Jarrett sums up the results thusly:

Aggregating the results from all these studies revealed a small but significant increase in optimism for participants who received an intervention, as compared with control participants. Focusing on just those studies that used the Best Possible Self Intervention, this effect grew to medium in size. Shorter interventions actually seemed to be more effective than longer ones, but this is probably just because the most effective approach – Best Possible Self is typically very short. Indeed, there is a problem with looking for patterns in aggregated results, like this study does, because different factors that seem to have an effect on outcomes can be confounded with each other, such as the nature of the intervention and the length of intervention. [emphasis mine]

Overall, the researchers don’t think a BPSI is going to permanently supercharge anyone’s optimism level, but it does seem to at least help in the short term. And what’s interesting is the similarity between this intervention and other forms of visualization exercises that have shown promise.

One example is WOOP, the system that NYU psychologist Gabriele Oettingen developed to help people reach their goals without succumbing to the complacency sometimes induced, according to her research, by standard-issue positive thinking. WOOP is a four-step process for achieving a challenging goal in which the letters stand for Wish, Outcome, Obstacles, Plan. The middle two steps, Outcome and Obstacles, specifically involve imagination or visualization: During the Outcome step, you imagine the best-case scenario of how it will feel when you accomplish the goal you have in mind, while the Obstacles step involves conjuring up, well, obstacles that could prevent you from getting there (you can read an excerpt of Oettingen’s book Rethinking Positive Thinking: Inside the New Science of Motivation here, or a post by Melissa Dahl on WOOP here).

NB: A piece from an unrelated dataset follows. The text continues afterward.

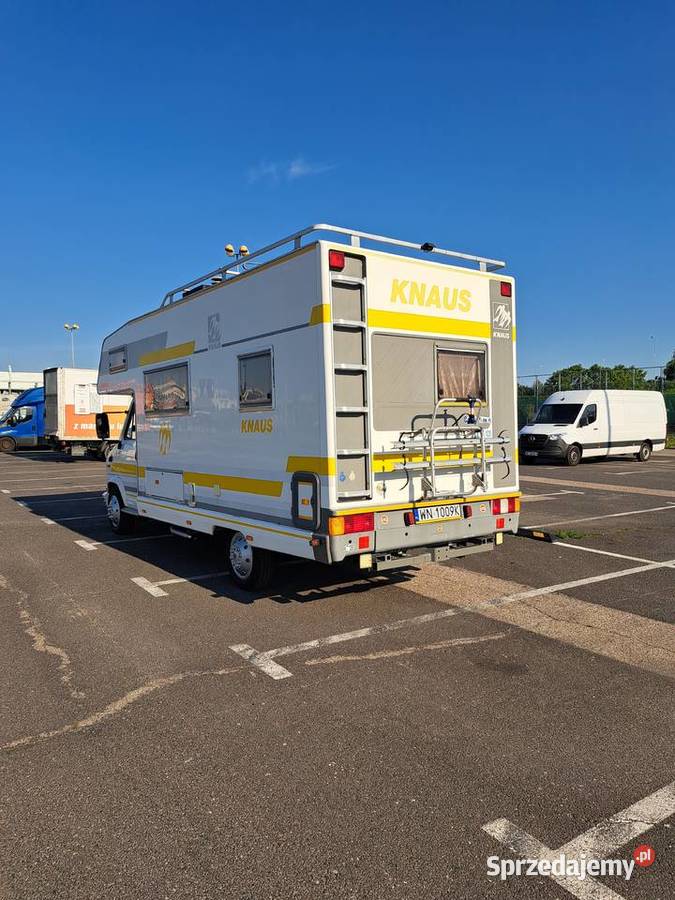 KAMPER Fiat Ducato 25TD 92 1991r KNAUS 625 Solar zarejestrowany w Polsce Warszawa sprzedam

WOOP involves both positive and negative visualization, but some advice in this genre focuses more on imagining negative outcomes. Organizational psychologists, for example, have long been interested in the problem of groupthink. When a bunch of co-workers get together to come up with a plan, and no one feels empowered to say, “What could go wrong if we enact this plan?,” disastrous consequences frequently ensue. That’s why the decision expert Gary King, along with his colleagues, developed what they call a “Project Premortem.” As he explained in Harvard Business Review in 2007:

A typical premortem begins after the team has been briefed on the plan. The leader starts the exercise by informing everyone that the project has failed spectacularly. Over the next few minutes those in the room independently write down every reason they can think of for the failure—especially the kinds of things they ordinarily wouldn’t mention as potential problems, for fear of being impolitic. For example, in a session held at one Fortune 50–size company, an executive suggested that a billion-dollar environmental sustainability project had “failed” because interest waned when the CEO retired. Another pinned the failure on a dilution of the business case after a government agency revised its policies.

Next the leader asks each team member, starting with the project manager, to read one reason from his or her list; everyone states a different reason until all have been recorded. After the session is over, the project manager reviews the list, looking for ways to strengthen the plan.

All these practices have solid research behind them — the act of forcing yourself to sit down and visualize the future seems to have some very real effects. Again, it’s important not to veer into Secret-land, into silly claims about effortlessly willing your preferred reality into existence. But these techniques really can be harnessed to your benefit if you know how.